16. Veggie-Packed Turkey Meatballs

Ingredients:

  • 1 lb ground turkey
  • ½ cup spinach, chopped
  • ½ cup shredded carrots
  • ½ cup oats, ground fine
  • 1 egg, beaten
  • 1 tsp garlic powder

Instructions:

  1. Preheat oven to 400°F.
  2. Mix turkey, veggies, oats, and egg, roll into meatballs.
  3. Place on pan with extra veggies (zucchini, peppers).
  4. Roast 25 minutes.

17. Mediterranean Chickpea & Chicken Bake

Ingredients:

  • 1 lb chicken breast strips
  • 1 can chickpeas (low sodium, rinsed)
  • 1 zucchini, chopped
  • 1 red onion, chopped
  • 2 tbsp olive oil
  • 1 tsp paprika

Instructions:

  1. Preheat oven to 425°F.
  2. Toss chicken, chickpeas, and veggies with oil and seasoning.
  3. Roast 20 minutes.

18. Sheet Pan Trout with Leafy Greens

Ingredients:

  • 4 trout fillets
  • 3 cups Swiss chard, chopped
  • 1 red onion, sliced
  • 2 tbsp olive oil
  • 1 tsp dill

Instructions:

  1. Preheat oven to 400°F.
  2. Spread trout and greens on sheet pan, drizzle oil and dill.
  3. Roast 15 minutes.

19. Garlic Shrimp & Spinach Sheet Pan

Ingredients:

  • 1 lb shrimp
  • 3 cups spinach
  • 2 garlic cloves, minced
  • 2 tbsp olive oil
  • Black pepper

Instructions:

  1. Preheat oven to 425°F.
  2. Spread shrimp and spinach, drizzle oil, add garlic.
  3. Roast 10–12 minutes.

20. Chicken & Sweet Potato with Walnuts

Ingredients:

  • 1 lb chicken thighs
  • 2 sweet potatoes, cubed
  • ½ cup walnuts, chopped
  • 2 tbsp olive oil
  • 1 tsp rosemary

Instructions:

  1. Preheat oven to 425°F.
  2. Spread chicken and potatoes on pan, drizzle oil, season.
  3. Roast 25 minutes, sprinkle walnuts before serving.

Final Thoughts

These 20 sheet pan meals make the MIND diet simple, flavorful, and practical.
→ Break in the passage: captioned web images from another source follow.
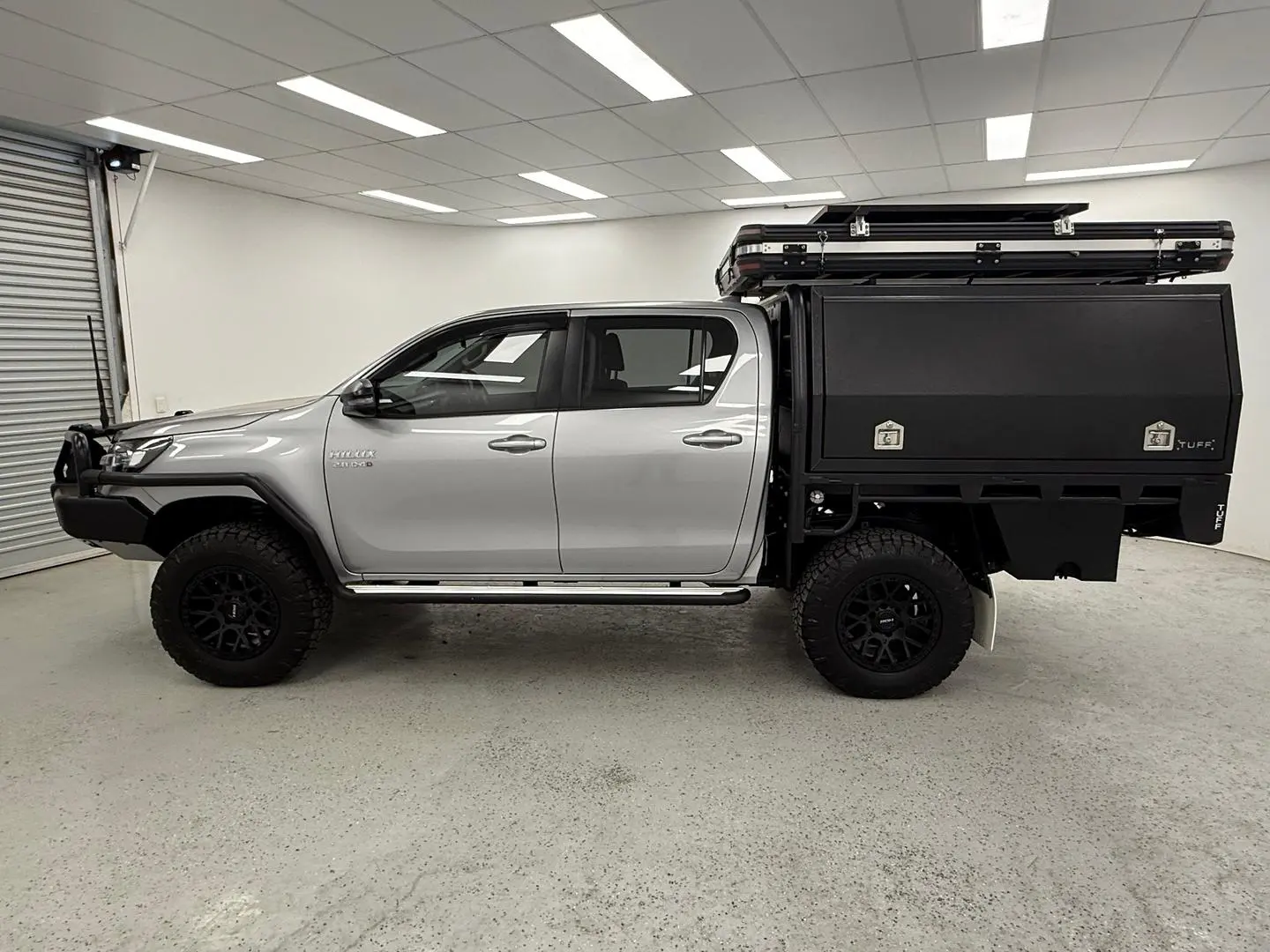 2022 Toyota Hilux Gallery Image 6
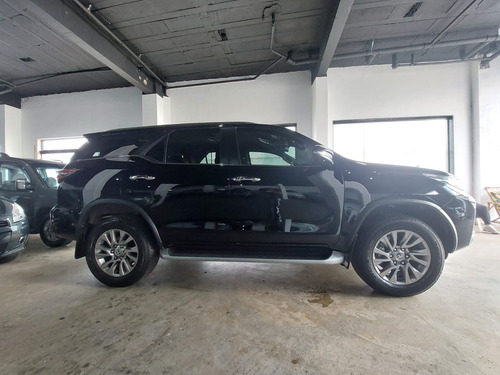 Toyota Hilux SW4 SRX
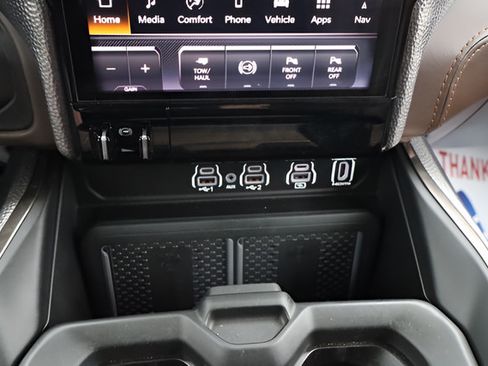 Used 2026 RAM 2500 Limited AWD/4WD image 13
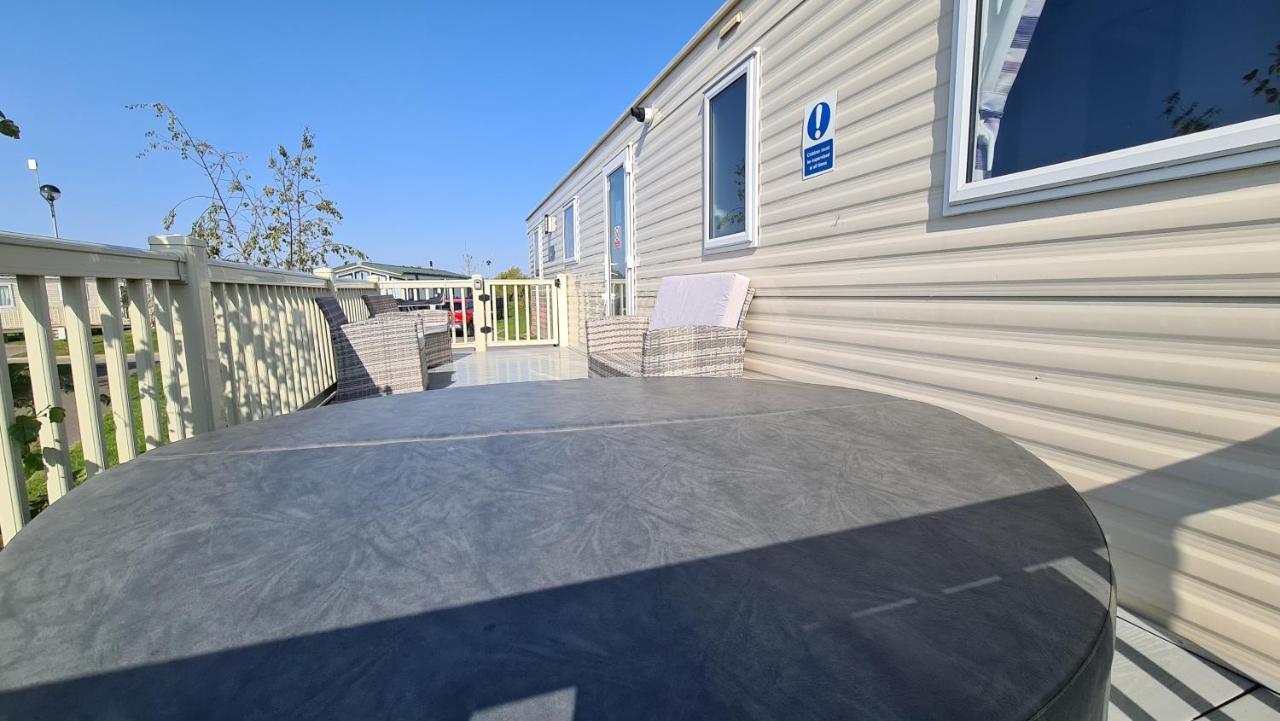 Luxury 2019 8 Berth Caravan With Hot Tub @ Tattershall Lakes Exterior photo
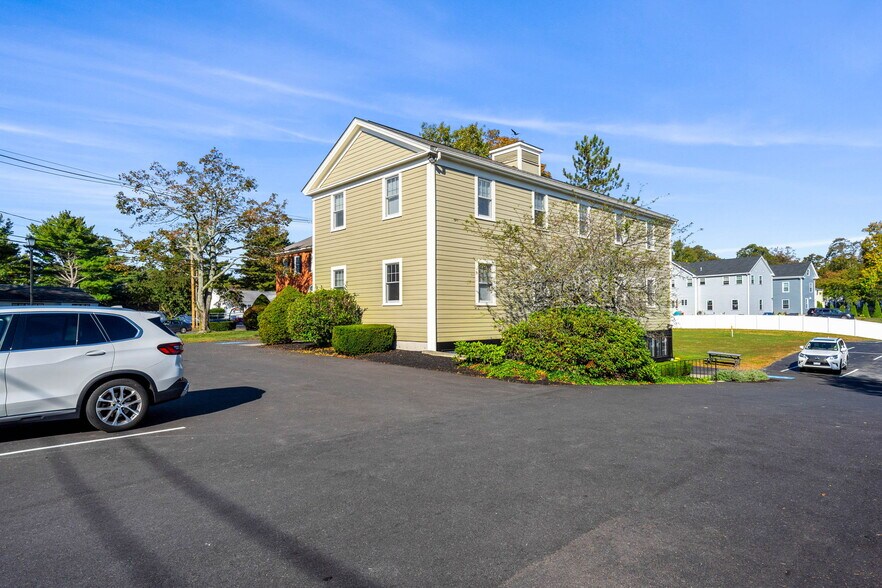 More Photos Of 160 Sylvan St, Danvers Office For Lease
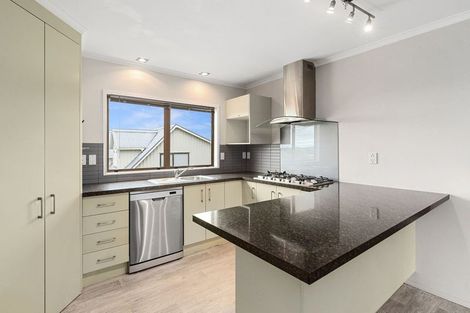 Photo of property in 16 Sumich Place, West Harbour, Auckland, 0618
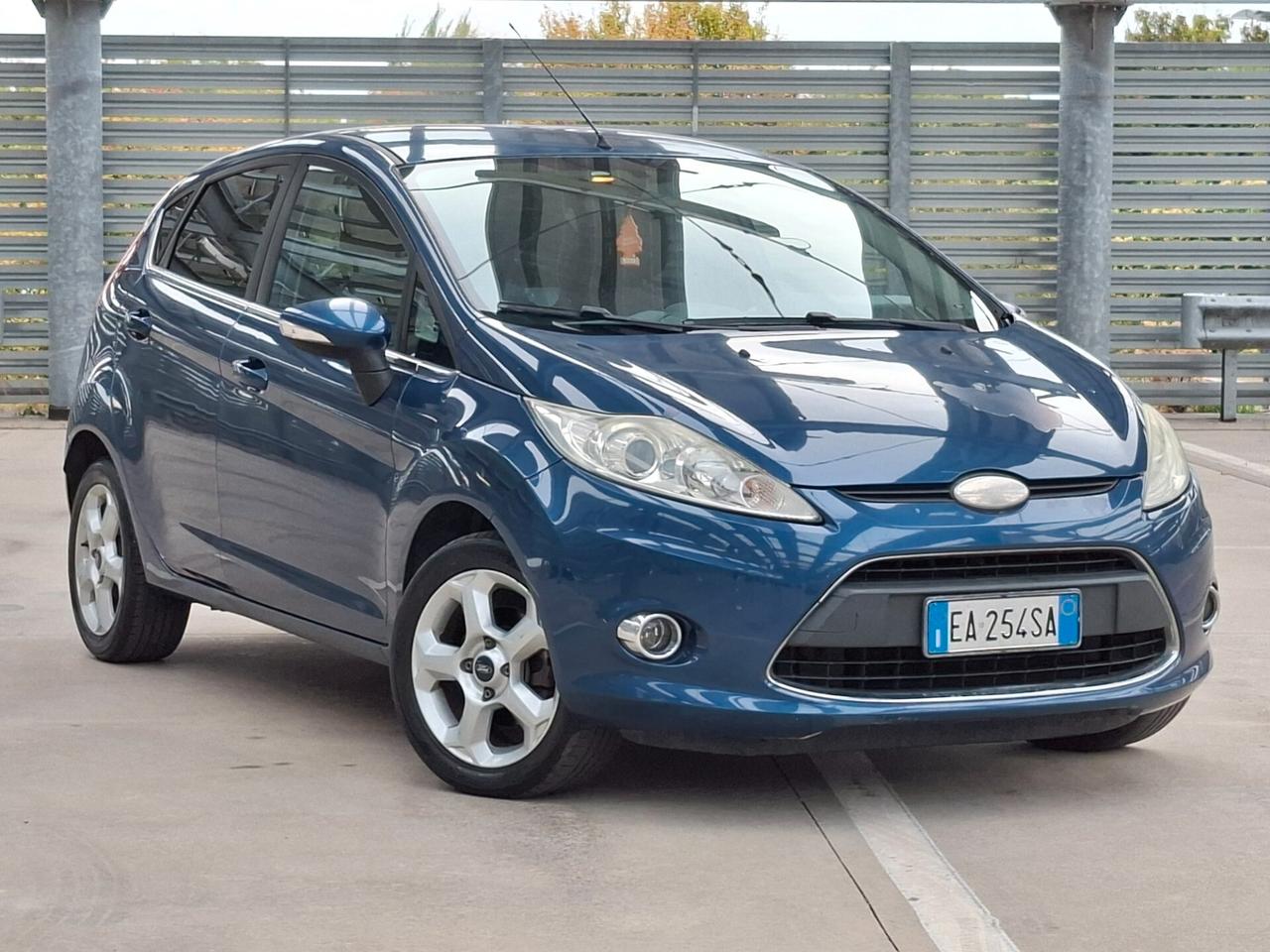 Ford Fiesta 1.4 TDCi 68CV 5 porte Titanium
Each recipe highlights brain-healthy staples like fish, leafy greens, nuts, beans, and olive oil — all backed by research to protect memory and cognitive function. With one pan and a handful of ingredients, you can enjoy meals that nourish your body and your brain.